Pictures with short captions:

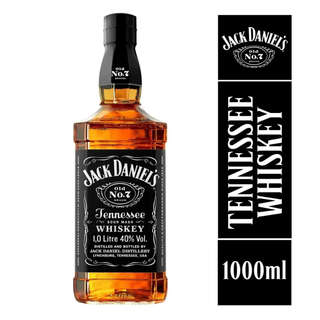 Producto Jack Daniels 1L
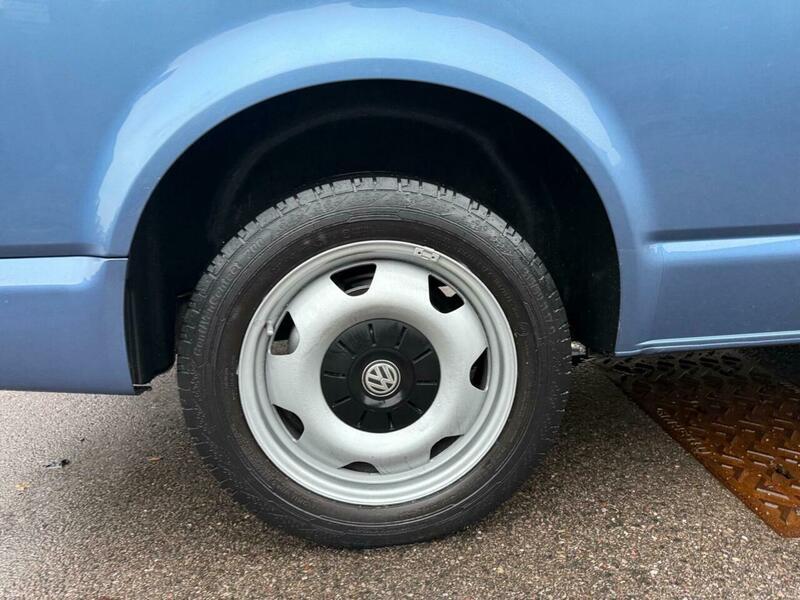 Used Volkswagen Transporter Shuttle 2019 for sale - 77242682: Photo 11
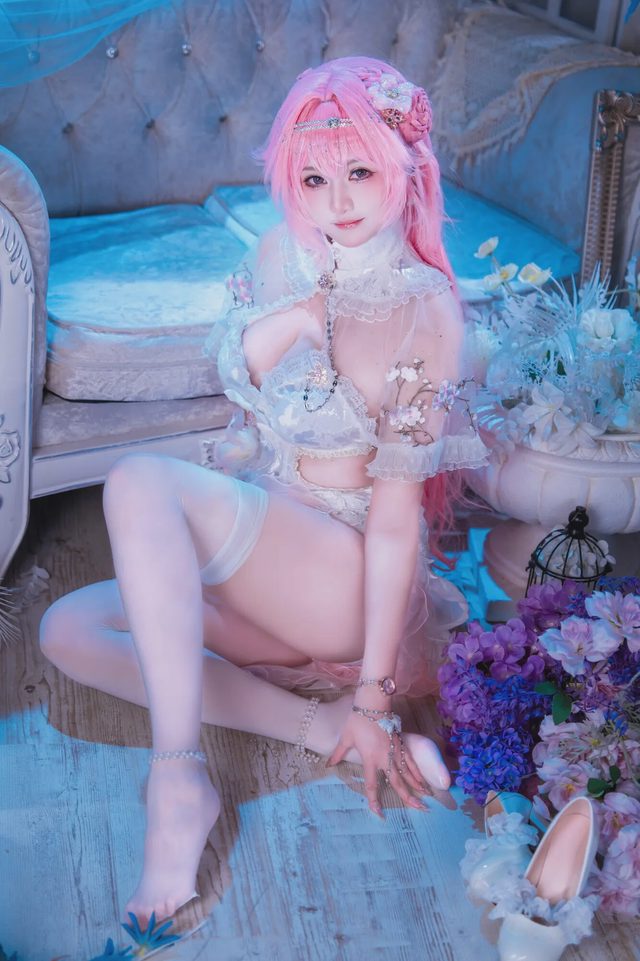 XIAOYUKIKO 小鱼 Dorothy第 9 张图片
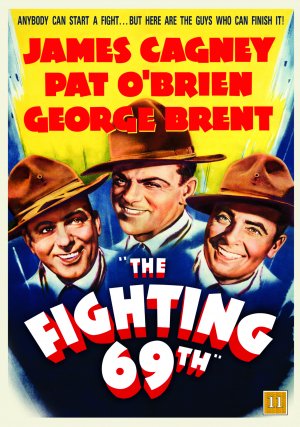 The Fighting 69th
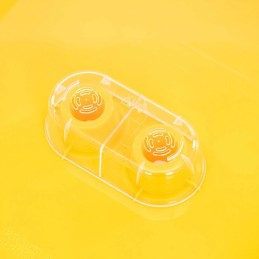 Plastikinė bičių lesyklėlė Langstroth aviliams, 4,5 l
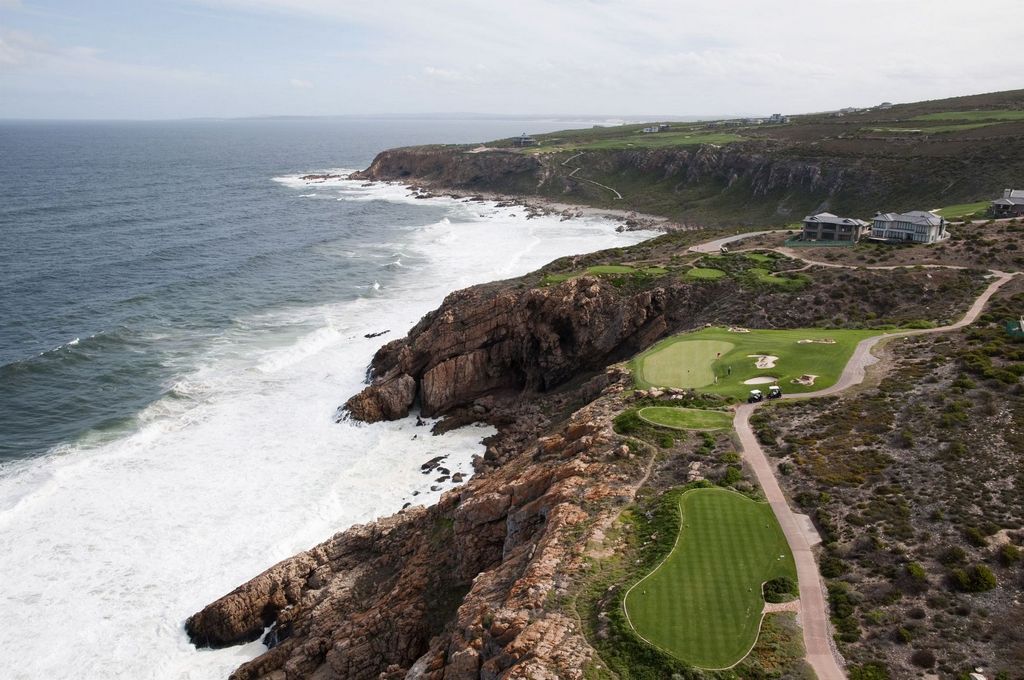 Golf Courses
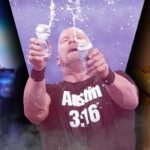 The name of the professional wrestler has been forever changed
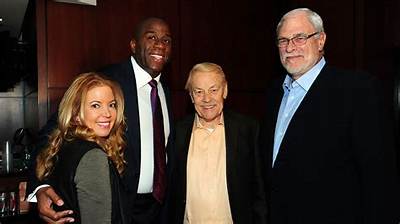 Who Are Jeanie Busss Parents? Jeanie Buss Biography, Parents Name, Nationality and More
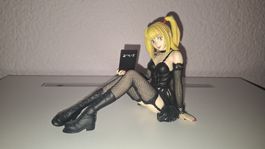 Misa Amane Figur von Death Note.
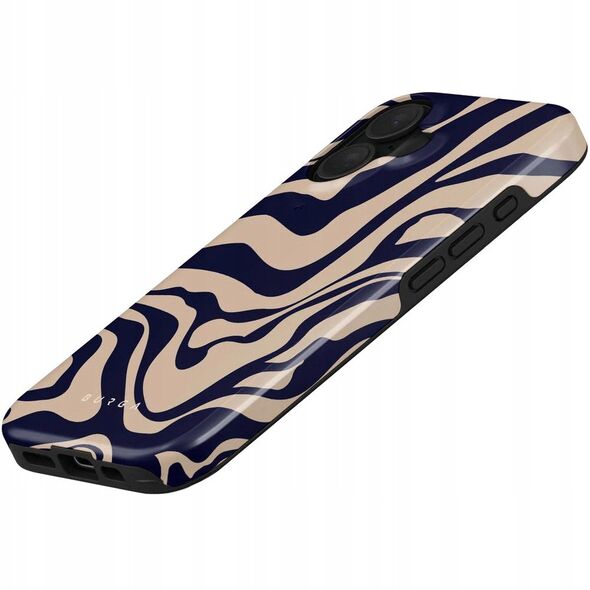 Θήκη BURGA Tough MagSafe iPhone 16 Vigilant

* EXERCISE DIRECTIONS *
Skip all pictures. Copy exactly the lines from the one containing "Misa Amane Figur von Death Note." through the end of the records, both ends included.

* SOLVED EXERCISE *
 Misa Amane Figur von Death Note.
 Θήκη BURGA Tough MagSafe iPhone 16 Vigilant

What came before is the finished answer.